Welcome to Microsoft Pri0: That's Microspeak for top priority, and that's the news and observations you'll find here from Seattle Times reporter Sharon Chan.
September 16, 2008 8:58 AM
Posted by Benjamin J. Romano
Cray just announced a $25,000 to $80,000 high-performance computer, the CX1, targeted at a broader market of scientists, business analysts, engineers and others whose data-intensive work increasingly demands more computing horse power. The Seattle super-computer maker is loading the CX1 with Windows HPC Server 2008, Microsoft's latest high-performance computing operating system. The CX1 is built on Intel Xeon processors.
The companies hope this will help push high-performance computing into the mainstream. The CX1 is designed to sit under or beside a desk or lab bench. It does not require special power, cooling or a dedicated computer room and Cray aims to reduce the need for IT staff to operate and maintain it.

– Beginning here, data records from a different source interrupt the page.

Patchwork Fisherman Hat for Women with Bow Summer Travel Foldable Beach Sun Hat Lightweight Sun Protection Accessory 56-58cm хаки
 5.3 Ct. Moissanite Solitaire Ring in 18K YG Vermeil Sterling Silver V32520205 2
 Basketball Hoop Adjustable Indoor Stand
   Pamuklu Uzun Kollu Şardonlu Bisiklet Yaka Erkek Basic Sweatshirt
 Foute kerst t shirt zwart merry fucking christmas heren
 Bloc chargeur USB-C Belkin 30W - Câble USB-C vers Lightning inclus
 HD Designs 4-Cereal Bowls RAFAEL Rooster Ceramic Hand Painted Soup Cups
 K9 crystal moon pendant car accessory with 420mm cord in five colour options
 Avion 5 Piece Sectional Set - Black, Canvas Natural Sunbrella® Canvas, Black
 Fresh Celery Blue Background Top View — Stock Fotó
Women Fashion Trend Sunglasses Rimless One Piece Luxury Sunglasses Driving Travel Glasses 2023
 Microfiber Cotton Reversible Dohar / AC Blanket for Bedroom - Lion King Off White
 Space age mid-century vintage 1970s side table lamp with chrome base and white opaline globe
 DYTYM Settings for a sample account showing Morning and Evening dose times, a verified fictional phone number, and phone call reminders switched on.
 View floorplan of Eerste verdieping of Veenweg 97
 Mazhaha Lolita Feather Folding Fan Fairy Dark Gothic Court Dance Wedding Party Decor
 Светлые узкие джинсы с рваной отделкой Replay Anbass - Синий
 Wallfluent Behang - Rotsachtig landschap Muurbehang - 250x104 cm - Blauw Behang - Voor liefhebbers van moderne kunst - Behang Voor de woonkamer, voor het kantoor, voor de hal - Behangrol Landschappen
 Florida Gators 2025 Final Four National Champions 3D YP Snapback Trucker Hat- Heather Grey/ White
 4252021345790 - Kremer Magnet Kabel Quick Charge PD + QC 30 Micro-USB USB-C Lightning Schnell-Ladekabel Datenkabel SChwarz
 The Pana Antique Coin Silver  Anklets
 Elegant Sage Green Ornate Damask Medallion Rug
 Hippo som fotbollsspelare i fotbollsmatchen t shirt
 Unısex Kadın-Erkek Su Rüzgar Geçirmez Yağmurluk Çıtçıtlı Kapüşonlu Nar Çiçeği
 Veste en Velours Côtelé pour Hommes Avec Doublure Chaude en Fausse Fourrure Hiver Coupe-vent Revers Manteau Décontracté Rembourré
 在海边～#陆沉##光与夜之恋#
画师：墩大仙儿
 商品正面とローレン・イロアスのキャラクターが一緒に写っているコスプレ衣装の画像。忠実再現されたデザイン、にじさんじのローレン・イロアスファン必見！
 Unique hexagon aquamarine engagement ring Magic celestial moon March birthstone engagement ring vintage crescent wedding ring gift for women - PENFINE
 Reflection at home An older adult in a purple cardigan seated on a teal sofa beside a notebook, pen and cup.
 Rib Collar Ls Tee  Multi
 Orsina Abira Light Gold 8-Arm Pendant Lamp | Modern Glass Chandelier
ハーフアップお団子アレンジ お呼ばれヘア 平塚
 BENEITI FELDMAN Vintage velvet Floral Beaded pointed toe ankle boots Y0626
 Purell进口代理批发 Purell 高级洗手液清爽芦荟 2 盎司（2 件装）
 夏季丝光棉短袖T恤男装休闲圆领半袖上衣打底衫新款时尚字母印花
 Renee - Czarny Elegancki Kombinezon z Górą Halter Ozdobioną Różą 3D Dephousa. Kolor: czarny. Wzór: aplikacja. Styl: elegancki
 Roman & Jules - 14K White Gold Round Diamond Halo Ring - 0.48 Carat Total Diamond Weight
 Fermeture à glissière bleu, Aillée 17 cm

Several trends are driving the demand for -- and ability of computer makers to provide -- this type of system.
IDC reports that the high-performance computing market grew 19 percent a year in the last four years, reaching nearly $12 billion in 2007. Top buyers include the biosciences, computer aided engineering and defense.
Hewlett-Packard, Dell and IBM are all competitors in the market, said IDC analyst Earl Joseph.
Kyril Faenov, general manager of high-performance computing at Microsoft, said the "cycle of innovation" in many industries has come to rely on computing power. Scientific experiments, simulations and observations in myriad fields are generating petabytes of data that can overwhelm less powerful system's ability to process it.
"Information needs to be processed, needs to be mined for new insights," Faenov said.
He said Windows HPC Server 2008 is designed to allow IT professionals and researchers to use existing expertise in Windows to run high-performance computers. As Mary Jo Foley notes, Microsoft "is positioning the product as an alternative to Linux, which has gained a solid following in the high-end computing market."
Faenov called the CX1 the perfect offering "to democratize high-performance computing and accelerate innovation for a broader set of users."
The CX1 will be the first Cray product that can be configured and purchased online, starting today. (It will begin shipping in four to six weeks.)
The company is aiming for ease of deployment, sending the entire system in no more than six boxes. Cables will be color-coded and software pre-installed. In addition to Windows HPC Server, the CX1 supports Redhat Linux.
Cray is also including noise-canceling features to make the system more office friendly.
The CX1 will support up to 64 processor cores of up to 3.4 gigaherz each. It will have a peak performance of 786 gigaflops.
One gigaflops is a billion floating-point operations per second. In 1991, Cray had a supercomputer that could hit 10 gigaflops at a cost of $40 million.
Today, the world's fastest super computer, the Roadrunner, a joint effort of IBM and Los Alamos National Laboratory, topped out at 1,000 trillion calculations per second in June. It costs about $100 million.